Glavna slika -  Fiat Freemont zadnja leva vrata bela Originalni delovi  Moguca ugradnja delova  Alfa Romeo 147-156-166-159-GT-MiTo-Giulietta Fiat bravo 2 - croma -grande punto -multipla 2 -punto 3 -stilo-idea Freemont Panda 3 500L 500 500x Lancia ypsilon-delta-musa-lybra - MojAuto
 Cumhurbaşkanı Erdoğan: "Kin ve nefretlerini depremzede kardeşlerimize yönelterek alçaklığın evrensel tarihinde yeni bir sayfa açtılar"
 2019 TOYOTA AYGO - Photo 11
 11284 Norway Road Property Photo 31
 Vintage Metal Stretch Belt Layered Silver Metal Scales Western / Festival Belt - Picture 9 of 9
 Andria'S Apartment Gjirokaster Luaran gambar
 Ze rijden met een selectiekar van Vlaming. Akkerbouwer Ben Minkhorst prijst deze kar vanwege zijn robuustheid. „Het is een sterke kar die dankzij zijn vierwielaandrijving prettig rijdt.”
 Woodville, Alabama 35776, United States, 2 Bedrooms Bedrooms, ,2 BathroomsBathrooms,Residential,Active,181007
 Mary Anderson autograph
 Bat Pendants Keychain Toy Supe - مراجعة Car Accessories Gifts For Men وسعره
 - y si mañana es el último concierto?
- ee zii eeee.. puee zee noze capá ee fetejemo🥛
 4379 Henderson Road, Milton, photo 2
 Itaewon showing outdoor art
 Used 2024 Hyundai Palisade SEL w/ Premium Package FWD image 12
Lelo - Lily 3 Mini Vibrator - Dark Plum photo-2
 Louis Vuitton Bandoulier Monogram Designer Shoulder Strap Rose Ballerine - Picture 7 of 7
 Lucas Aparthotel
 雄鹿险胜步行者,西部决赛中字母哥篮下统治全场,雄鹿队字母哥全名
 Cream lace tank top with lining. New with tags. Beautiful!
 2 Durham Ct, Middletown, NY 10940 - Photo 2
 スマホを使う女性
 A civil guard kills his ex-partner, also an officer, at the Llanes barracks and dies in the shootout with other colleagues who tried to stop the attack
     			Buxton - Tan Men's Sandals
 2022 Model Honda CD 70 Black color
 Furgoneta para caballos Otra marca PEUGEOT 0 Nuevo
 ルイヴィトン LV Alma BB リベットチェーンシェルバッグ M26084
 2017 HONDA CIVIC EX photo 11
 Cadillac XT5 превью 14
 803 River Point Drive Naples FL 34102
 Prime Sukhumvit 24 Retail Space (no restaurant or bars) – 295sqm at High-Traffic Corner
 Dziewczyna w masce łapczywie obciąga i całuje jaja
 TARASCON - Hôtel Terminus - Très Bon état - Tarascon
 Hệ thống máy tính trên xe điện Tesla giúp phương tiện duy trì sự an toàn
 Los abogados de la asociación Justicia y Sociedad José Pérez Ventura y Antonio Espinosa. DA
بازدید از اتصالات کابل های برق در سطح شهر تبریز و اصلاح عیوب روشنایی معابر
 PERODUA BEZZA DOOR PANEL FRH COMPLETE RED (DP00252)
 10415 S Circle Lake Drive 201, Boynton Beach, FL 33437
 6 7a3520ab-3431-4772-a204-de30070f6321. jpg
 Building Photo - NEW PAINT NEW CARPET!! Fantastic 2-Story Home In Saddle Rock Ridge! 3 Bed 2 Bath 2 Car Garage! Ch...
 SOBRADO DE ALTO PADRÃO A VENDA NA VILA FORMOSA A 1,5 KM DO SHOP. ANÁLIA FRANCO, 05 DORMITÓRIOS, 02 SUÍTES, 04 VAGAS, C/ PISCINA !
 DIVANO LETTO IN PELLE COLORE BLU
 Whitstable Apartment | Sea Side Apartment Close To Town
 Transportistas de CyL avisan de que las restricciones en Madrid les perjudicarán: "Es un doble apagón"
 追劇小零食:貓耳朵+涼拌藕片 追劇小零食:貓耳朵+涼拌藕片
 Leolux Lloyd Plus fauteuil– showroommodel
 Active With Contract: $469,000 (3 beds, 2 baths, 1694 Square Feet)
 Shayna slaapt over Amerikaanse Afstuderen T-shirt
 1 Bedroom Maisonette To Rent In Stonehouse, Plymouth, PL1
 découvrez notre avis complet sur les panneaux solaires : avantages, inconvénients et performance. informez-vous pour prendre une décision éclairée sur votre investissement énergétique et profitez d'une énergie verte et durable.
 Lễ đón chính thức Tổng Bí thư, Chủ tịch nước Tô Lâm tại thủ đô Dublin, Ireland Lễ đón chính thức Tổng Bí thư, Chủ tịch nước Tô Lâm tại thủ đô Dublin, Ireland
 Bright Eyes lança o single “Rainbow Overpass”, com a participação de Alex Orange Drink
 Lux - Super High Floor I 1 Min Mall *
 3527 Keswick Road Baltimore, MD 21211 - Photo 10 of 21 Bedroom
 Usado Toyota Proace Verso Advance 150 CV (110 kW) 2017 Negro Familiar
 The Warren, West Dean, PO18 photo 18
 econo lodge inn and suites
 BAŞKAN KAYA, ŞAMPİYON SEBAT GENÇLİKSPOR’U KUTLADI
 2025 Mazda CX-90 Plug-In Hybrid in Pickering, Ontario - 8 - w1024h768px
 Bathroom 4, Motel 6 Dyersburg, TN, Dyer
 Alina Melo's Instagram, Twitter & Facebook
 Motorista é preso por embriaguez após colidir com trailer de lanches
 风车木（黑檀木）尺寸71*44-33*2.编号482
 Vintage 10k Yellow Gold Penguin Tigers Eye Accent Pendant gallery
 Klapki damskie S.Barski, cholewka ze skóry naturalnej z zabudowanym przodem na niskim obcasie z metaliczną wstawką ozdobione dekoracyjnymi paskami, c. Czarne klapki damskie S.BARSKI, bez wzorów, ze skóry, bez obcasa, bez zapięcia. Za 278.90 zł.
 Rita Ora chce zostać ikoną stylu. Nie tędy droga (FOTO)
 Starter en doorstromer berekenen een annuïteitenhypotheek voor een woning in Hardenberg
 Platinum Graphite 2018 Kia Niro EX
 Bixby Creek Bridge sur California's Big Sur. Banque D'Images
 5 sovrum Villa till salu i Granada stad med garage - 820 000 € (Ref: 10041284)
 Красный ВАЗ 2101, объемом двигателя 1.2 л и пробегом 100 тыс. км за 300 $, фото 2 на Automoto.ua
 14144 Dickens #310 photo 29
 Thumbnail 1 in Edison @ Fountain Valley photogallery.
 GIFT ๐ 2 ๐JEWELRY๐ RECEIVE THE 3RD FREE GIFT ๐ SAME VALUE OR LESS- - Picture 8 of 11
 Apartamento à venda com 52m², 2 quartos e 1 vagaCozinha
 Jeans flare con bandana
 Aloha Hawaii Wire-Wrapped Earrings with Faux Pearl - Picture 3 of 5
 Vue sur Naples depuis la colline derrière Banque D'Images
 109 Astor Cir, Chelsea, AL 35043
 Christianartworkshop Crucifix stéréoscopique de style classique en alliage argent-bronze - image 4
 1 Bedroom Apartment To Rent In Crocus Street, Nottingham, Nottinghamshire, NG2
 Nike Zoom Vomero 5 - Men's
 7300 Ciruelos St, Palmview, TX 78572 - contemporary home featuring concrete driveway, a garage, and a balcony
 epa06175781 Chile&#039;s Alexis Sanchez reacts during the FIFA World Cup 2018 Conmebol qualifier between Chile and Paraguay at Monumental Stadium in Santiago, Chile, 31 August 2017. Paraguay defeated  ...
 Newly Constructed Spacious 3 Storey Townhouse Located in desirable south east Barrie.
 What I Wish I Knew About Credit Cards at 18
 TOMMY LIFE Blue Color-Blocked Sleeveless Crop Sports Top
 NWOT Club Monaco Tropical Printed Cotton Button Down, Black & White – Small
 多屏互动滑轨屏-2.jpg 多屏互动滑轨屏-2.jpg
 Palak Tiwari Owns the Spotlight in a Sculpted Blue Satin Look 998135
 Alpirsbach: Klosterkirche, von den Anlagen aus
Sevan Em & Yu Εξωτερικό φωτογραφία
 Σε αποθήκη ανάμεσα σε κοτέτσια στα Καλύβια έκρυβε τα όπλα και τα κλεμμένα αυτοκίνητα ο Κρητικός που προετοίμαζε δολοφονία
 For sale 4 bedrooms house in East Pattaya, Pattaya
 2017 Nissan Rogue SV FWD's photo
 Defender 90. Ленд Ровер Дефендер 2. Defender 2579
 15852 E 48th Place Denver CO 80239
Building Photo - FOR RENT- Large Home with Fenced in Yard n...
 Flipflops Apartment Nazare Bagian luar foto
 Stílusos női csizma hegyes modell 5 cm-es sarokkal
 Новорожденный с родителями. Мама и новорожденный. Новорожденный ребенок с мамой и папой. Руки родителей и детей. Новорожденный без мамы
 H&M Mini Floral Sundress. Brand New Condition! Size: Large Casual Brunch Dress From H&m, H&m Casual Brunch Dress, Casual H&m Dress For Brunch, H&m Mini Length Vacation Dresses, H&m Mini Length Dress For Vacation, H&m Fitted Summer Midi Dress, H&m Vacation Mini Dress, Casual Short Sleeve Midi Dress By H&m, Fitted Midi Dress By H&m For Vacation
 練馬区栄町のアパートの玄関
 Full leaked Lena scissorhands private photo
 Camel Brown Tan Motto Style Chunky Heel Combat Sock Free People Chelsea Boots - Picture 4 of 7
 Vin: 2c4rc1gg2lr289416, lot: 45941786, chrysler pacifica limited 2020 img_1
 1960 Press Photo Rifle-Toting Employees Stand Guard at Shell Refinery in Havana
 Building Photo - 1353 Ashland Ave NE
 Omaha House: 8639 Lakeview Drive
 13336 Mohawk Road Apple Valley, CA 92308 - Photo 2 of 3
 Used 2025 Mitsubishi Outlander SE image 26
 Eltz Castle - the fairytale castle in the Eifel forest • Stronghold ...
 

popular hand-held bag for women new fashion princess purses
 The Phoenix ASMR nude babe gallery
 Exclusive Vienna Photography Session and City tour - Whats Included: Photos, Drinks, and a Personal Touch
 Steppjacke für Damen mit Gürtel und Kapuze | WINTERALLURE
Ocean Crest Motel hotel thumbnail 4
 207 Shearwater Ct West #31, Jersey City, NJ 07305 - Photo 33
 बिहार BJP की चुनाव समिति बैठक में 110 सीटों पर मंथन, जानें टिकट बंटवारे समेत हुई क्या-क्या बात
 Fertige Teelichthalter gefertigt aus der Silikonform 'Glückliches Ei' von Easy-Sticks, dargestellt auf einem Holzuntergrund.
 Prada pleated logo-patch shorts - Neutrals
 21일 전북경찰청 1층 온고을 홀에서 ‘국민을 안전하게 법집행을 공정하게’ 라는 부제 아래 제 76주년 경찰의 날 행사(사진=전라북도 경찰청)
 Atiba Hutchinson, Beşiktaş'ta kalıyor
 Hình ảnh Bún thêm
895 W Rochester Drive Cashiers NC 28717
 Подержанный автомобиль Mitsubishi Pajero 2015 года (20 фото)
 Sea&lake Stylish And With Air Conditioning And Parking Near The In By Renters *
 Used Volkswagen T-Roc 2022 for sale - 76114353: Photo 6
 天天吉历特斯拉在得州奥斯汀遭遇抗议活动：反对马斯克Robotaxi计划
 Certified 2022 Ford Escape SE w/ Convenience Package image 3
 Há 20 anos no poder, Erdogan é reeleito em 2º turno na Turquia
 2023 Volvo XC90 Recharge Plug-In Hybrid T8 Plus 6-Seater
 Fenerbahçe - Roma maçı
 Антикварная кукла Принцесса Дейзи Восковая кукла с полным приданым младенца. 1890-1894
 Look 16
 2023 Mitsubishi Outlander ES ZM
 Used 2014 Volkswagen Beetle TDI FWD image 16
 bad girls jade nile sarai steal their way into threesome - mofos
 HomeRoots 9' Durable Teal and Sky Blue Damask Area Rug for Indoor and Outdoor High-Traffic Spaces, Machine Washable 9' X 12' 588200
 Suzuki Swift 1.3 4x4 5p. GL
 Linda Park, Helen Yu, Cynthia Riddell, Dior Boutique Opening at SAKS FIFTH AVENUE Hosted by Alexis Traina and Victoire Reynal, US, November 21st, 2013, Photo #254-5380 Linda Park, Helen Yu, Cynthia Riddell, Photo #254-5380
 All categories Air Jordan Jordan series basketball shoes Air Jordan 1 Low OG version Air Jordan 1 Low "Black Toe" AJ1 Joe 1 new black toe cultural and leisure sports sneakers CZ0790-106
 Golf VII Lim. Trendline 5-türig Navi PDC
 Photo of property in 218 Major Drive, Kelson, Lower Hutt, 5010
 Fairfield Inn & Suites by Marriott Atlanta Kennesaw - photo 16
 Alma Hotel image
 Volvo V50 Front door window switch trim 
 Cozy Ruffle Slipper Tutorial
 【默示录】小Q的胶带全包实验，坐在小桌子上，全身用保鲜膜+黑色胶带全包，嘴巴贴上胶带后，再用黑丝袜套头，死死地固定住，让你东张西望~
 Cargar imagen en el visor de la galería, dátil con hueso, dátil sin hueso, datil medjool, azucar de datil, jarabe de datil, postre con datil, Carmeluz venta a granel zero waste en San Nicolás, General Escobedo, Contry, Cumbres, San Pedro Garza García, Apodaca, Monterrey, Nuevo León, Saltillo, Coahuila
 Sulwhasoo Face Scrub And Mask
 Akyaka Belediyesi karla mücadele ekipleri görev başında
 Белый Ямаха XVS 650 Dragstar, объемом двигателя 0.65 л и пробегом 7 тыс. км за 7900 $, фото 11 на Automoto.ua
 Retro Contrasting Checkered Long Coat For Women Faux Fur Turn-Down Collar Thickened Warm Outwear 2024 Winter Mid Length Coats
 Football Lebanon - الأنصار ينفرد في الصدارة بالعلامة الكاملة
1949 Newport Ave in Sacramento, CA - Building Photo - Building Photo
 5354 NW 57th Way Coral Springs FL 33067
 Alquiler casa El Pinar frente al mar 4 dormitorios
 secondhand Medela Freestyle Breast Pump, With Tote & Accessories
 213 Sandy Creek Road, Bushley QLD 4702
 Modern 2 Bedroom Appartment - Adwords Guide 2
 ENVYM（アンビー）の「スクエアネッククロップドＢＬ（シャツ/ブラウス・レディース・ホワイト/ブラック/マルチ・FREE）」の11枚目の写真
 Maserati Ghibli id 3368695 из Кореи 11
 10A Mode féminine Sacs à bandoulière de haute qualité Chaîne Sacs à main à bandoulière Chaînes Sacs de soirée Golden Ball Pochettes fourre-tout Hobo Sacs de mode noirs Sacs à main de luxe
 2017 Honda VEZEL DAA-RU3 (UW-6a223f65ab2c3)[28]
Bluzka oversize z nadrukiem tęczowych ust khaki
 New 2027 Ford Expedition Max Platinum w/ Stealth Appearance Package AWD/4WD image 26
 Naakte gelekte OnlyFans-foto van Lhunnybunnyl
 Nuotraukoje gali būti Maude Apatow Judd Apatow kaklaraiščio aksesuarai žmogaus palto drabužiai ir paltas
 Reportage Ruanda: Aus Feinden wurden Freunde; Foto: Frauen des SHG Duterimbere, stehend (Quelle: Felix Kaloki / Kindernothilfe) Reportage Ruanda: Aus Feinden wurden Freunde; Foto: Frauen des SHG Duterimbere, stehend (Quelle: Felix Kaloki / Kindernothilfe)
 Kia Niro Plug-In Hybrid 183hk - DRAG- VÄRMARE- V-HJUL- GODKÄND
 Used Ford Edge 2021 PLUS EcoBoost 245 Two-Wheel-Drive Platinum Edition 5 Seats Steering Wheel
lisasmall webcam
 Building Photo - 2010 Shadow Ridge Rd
....
Task prompt.
Out of the listing above, reproduce exactly the lines from the one with "11284 Norway Road Property Photo 31" up to and including the one with "Mary Anderson autograph".

Output of the task.
 11284 Norway Road Property Photo 31
 Vintage Metal Stretch Belt Layered Silver Metal Scales Western / Festival Belt - Picture 9 of 9
 Andria'S Apartment Gjirokaster Luaran gambar
 Ze rijden met een selectiekar van Vlaming. Akkerbouwer Ben Minkhorst prijst deze kar vanwege zijn robuustheid. „Het is een sterke kar die dankzij zijn vierwielaandrijving prettig rijdt.”
 Woodville, Alabama 35776, United States, 2 Bedrooms Bedrooms, ,2 BathroomsBathrooms,Residential,Active,181007
 Mary Anderson autograph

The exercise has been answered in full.